> **Entries provided**
----------------------------------------
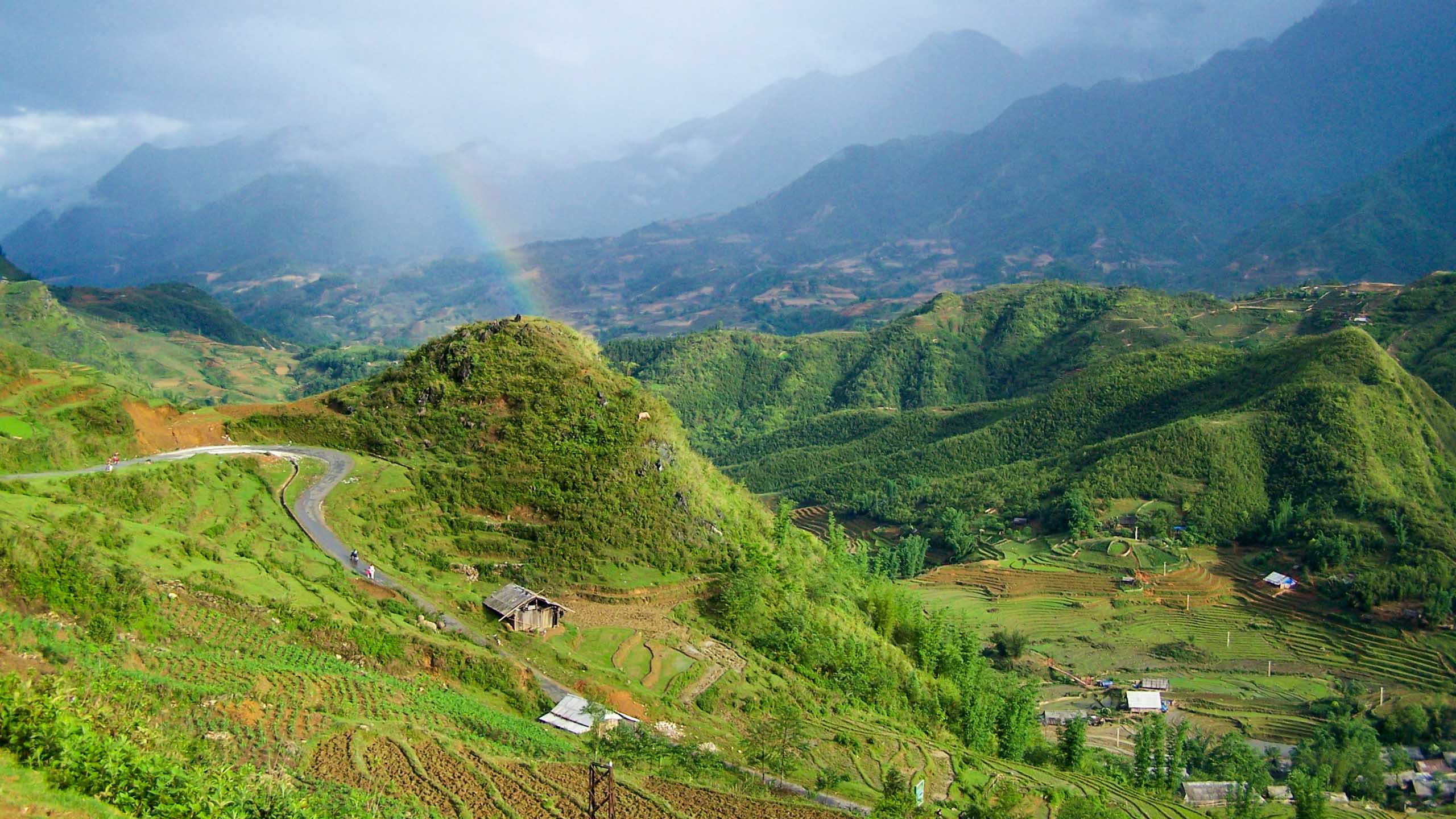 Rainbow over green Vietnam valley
----------------------------------------
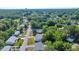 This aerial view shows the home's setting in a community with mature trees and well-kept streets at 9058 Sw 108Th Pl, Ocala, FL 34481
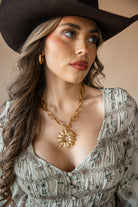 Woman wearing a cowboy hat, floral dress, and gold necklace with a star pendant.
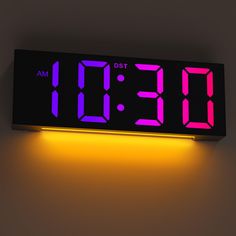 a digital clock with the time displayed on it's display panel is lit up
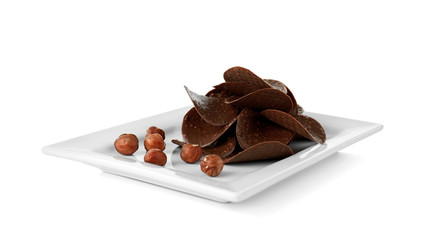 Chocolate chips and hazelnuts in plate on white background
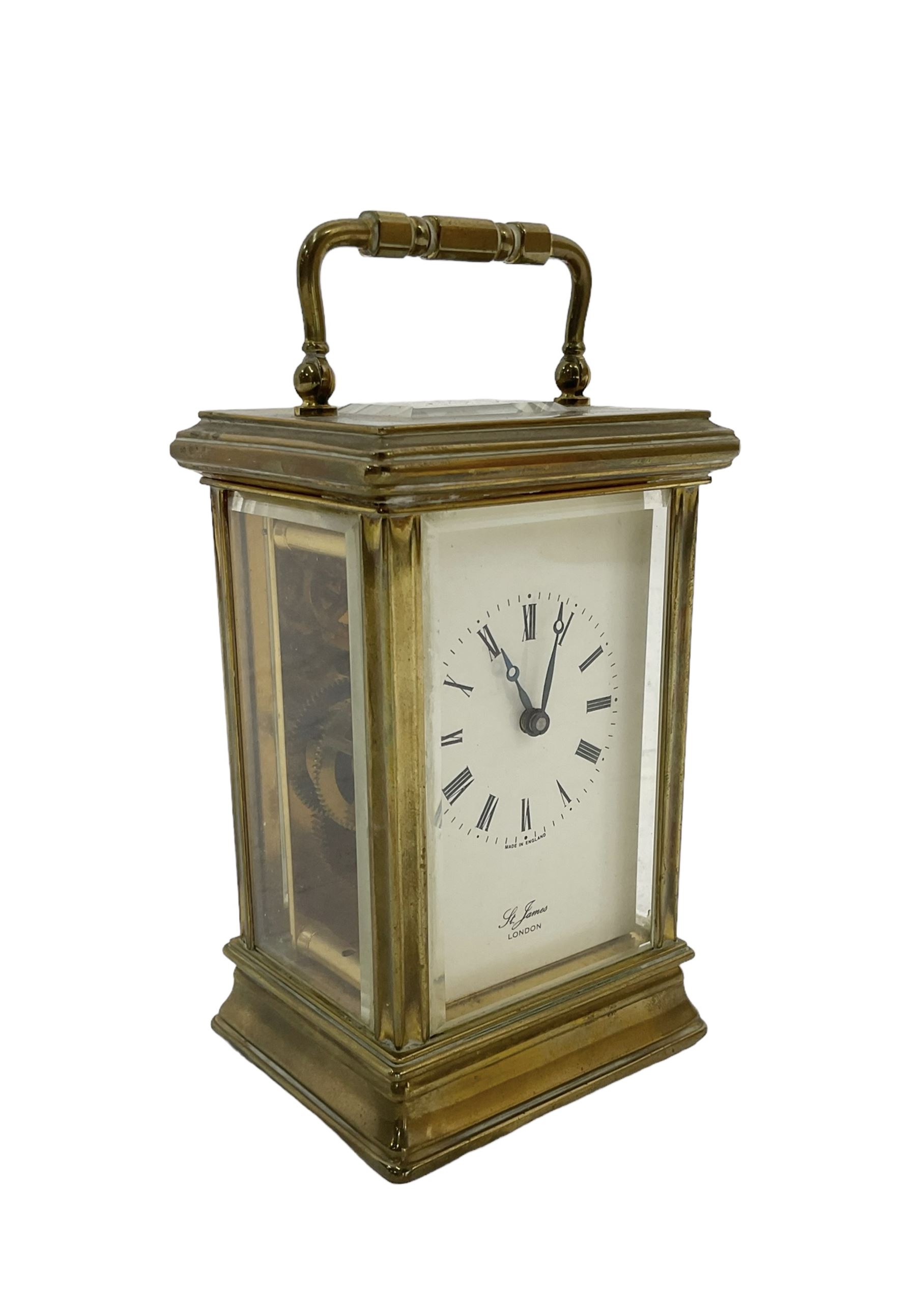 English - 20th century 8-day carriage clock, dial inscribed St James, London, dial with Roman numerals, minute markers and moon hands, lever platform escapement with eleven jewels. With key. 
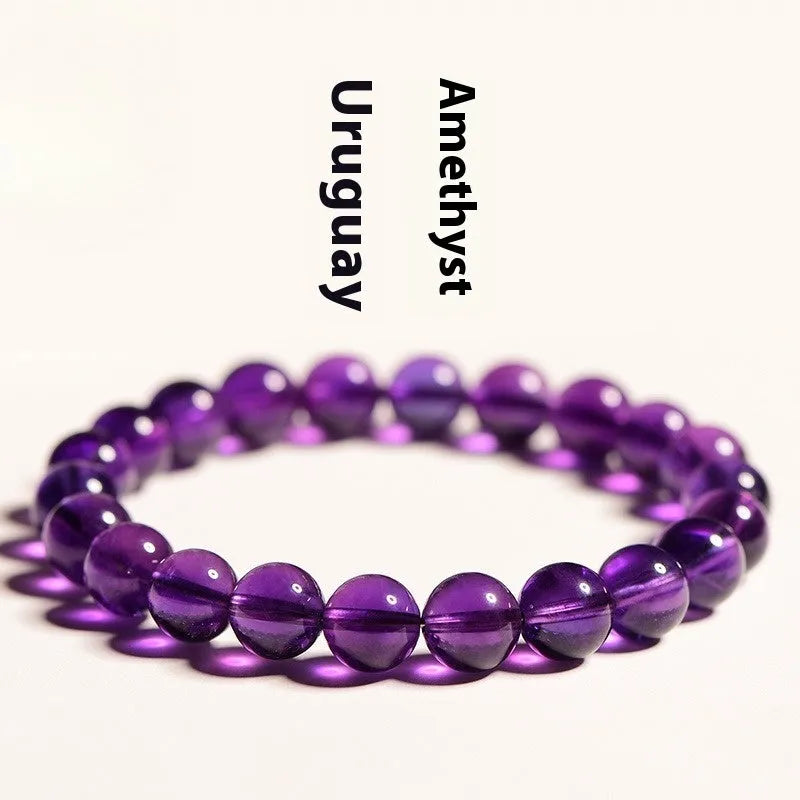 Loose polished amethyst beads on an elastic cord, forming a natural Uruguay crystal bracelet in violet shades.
----------------------------------------
> **What you are asked to do**
Starting with the line above that holds "This aerial view", restate each line word for word up to and including the line that holds "a digital clock". Drop the pictures.

> **Output of the task**
 This aerial view shows the home's setting in a community with mature trees and well-kept streets at 9058 Sw 108Th Pl, Ocala, FL 34481
 Woman wearing a cowboy hat, floral dress, and gold necklace with a star pendant.
 a digital clock with the time displayed on it's display panel is lit up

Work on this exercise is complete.